Rubens y est enterré. C’était, m’apprend le guide, sa paroisse, là où il s’est remarié avec Jeanne Fourment, là où — donc — il demeure (RIP).
« Il avait lui-même choisi l’œuvre qui décore sa chapelle funéraire : Notre-Dame entourée des saints (1634) » et s’est représenté en saint Georges.
* * *
Il est trop tard pour espérer faire le tour du Musée Mayer Van den Berg. Je déambule donc sur le Meir en découvrant cet incroyable temple des marchands comme pendant à mon tour des églises,
cependant que la Gare centrale à laquelle j’accède fait songer à quelque église orthodoxe ou mosquée.
Entre-temps, j’achète assez absurdement un portefeuille à 10 €, au prétexte que le mien, souvenir de Marrakech, pourrait bientôt être hors d’usage.
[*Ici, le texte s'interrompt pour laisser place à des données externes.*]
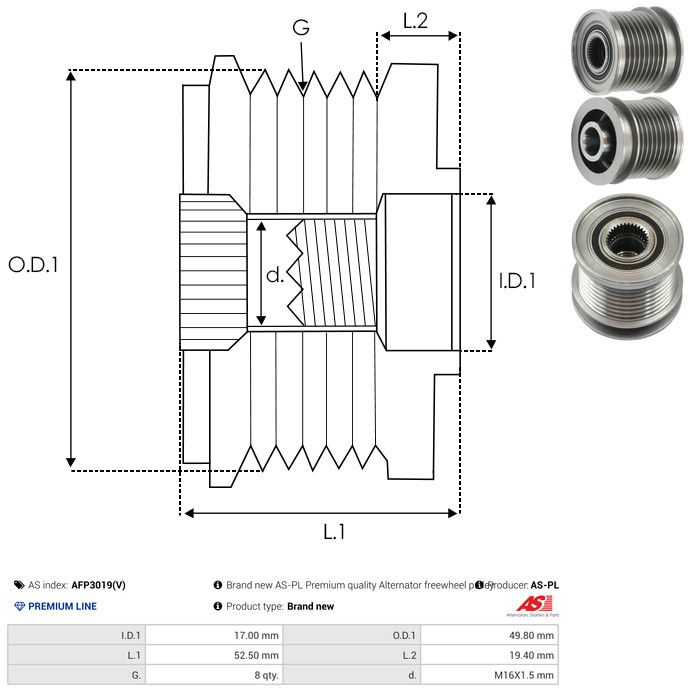 AS-PL AFP3019(V) Alternator Freewheel Clutch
Je renonce à un nouvel étui à lunettes, assez grossier et mal fini (le portefeuille n’est pas non plus un modèle du genre, mais est tout de même de meilleure facture).
Je prends ensuite une bière brune (une Westmalle, plutôt douce, dont j’apprendrai qu’il s’agit d’une bière trappiste brassée à l’abbaye cistercienne de Westmalle, village à quelque trente kilomètres d’Anvers) non loin de la Groen Plaats.
Soir
Je m’exhorte à sortir, d’autant que John est rentré : or, je le sais, il va multiplier les appels téléphoniques, notamment avec sa femme et son fils, auquel il va lire son histoire du soir de sa voix de stentor... Certes, j’accuse un peu la fatigue accumulée ces jours-ci — à la mi-journée, le téléphone mobile indiscret m’annonçait triomphalement, sans que je le lui aie demandé, que j’avais déjà fait les dix mille pas (près de quinze mille, en vérité) —, mais j’ai préféré voir la nuit tomber ailleurs... — ce que je fais à une terrasse proche du parvis de la cathédrale en compagnie d’un verre de chardonnay italien qui, moins tonitruant, sait murmurer à mon palais de tout son velours jaune.
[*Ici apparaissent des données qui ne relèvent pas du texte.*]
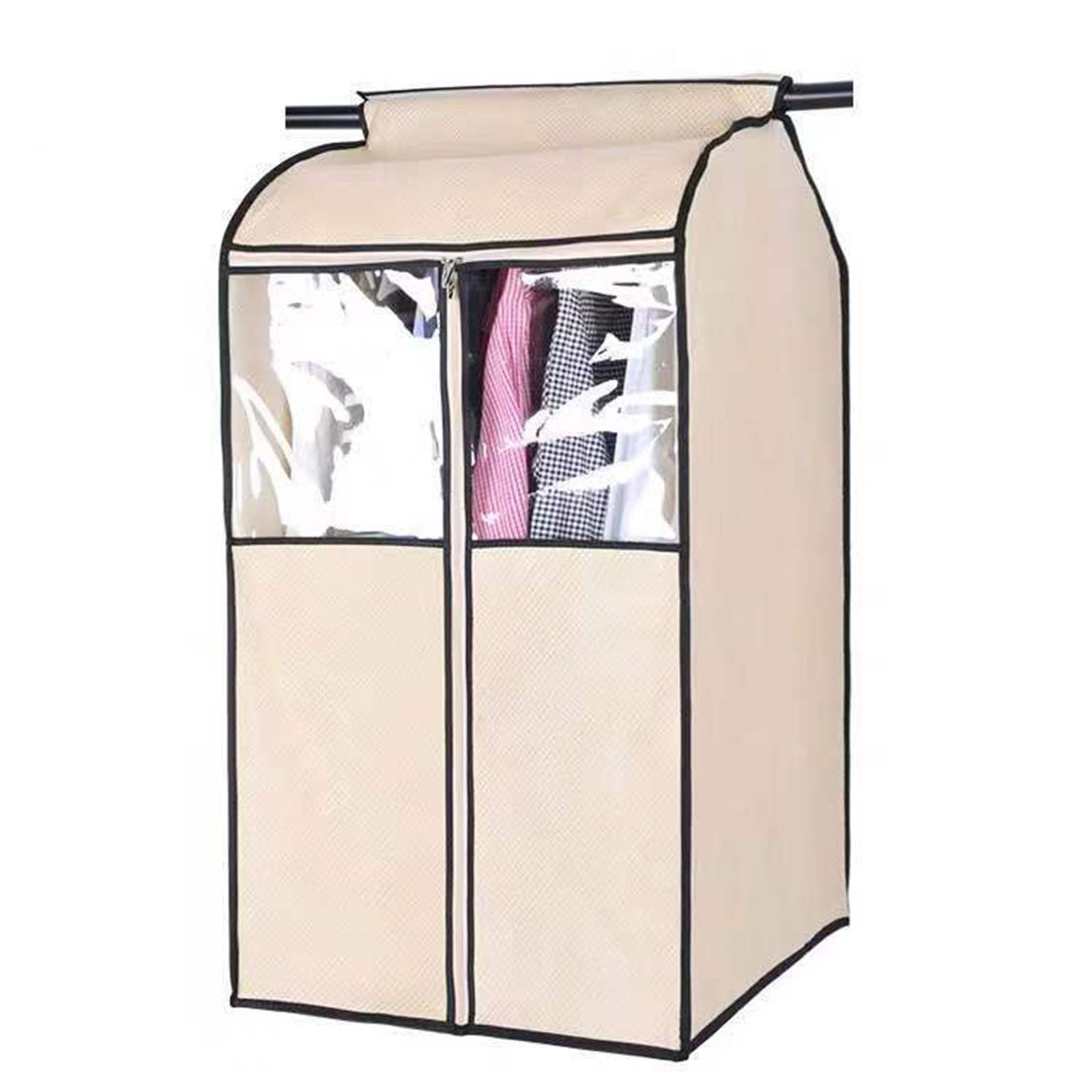 Kleidersack 1 Stück Transparente Aufbewahrungstasche Für Anzüge Mit Sichtbarem Fdickter Vlies-Garderobenständer Mit Durchgehendem Reißverschluss Für Den Heimgebrauch, 78 * 52 * 100 cm, Beige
Je retourne ensuite dans le même bar que la veille, laissant le garçon — toujours blond, toujours charmant (si je ne suis pas du tout certain que ce soit le même) — décider à ma place de la sorte de genièvre, dont j’ignore jusqu’au goût, qui pavoisera mon arrière-gorge. C’est moins mauvais que ce que j’avais craint, même si cela manque de subtilité...
(Cependant, je m’en rends progressivement compte, ce n’est pas le même garçon, plus exubérant, plus extraverti, plus souriant mais plus blond et moins profond que ne l’était la veille le serveur. Le secoue de temps à autre une toux rauque de fumeur (il paraît jeune pourtant).)
Je bois à courtes lampées — cela en allonge l’absorption — cet alcool moins chaleureux que le cognac espagnol servi par Hassan à Grenade lors d’une rincée mémorable...
Tout cela fait beaucoup d’alcool au bout du compte — et je juge qu’il est temps de rentrer.